• **PROMPT**
Go through the listing below and gather every line with the word "This".

• **THE INPUT**

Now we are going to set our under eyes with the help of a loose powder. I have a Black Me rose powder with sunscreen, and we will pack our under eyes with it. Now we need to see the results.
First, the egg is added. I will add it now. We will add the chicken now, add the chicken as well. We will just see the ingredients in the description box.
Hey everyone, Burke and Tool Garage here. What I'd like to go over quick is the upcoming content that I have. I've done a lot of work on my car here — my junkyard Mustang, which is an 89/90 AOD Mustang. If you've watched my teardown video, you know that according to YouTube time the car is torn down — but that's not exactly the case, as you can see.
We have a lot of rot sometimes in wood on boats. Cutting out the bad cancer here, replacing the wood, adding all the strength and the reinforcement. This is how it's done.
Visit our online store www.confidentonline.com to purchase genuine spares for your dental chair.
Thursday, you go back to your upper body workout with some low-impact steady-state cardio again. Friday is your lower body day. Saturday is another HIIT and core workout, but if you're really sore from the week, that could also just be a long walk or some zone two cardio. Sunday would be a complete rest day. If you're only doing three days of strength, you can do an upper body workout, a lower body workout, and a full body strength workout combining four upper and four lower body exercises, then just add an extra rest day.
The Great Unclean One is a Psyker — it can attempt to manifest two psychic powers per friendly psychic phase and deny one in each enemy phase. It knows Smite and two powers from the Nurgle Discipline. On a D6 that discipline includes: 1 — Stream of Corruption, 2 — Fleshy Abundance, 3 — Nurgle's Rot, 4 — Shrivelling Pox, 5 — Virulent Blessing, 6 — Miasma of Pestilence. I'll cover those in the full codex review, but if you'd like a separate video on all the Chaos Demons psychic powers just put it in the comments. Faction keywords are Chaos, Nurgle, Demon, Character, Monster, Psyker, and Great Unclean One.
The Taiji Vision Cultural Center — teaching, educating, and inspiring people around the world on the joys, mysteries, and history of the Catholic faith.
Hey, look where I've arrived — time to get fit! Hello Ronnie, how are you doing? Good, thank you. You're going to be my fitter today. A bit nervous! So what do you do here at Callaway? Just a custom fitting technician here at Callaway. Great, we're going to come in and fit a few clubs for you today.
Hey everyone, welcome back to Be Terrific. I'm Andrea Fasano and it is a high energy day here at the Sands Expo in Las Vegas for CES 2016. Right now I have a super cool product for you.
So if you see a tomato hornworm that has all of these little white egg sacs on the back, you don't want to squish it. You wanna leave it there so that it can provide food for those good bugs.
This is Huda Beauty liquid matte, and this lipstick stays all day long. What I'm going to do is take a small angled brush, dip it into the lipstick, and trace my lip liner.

• **RESULT BELOW**
We have a lot of rot sometimes in wood on boats. Cutting out the bad cancer here, replacing the wood, adding all the strength and the reinforcement. This is how it's done.
This is Huda Beauty liquid matte, and this lipstick stays all day long. What I'm going to do is take a small angled brush, dip it into the lipstick, and trace my lip liner.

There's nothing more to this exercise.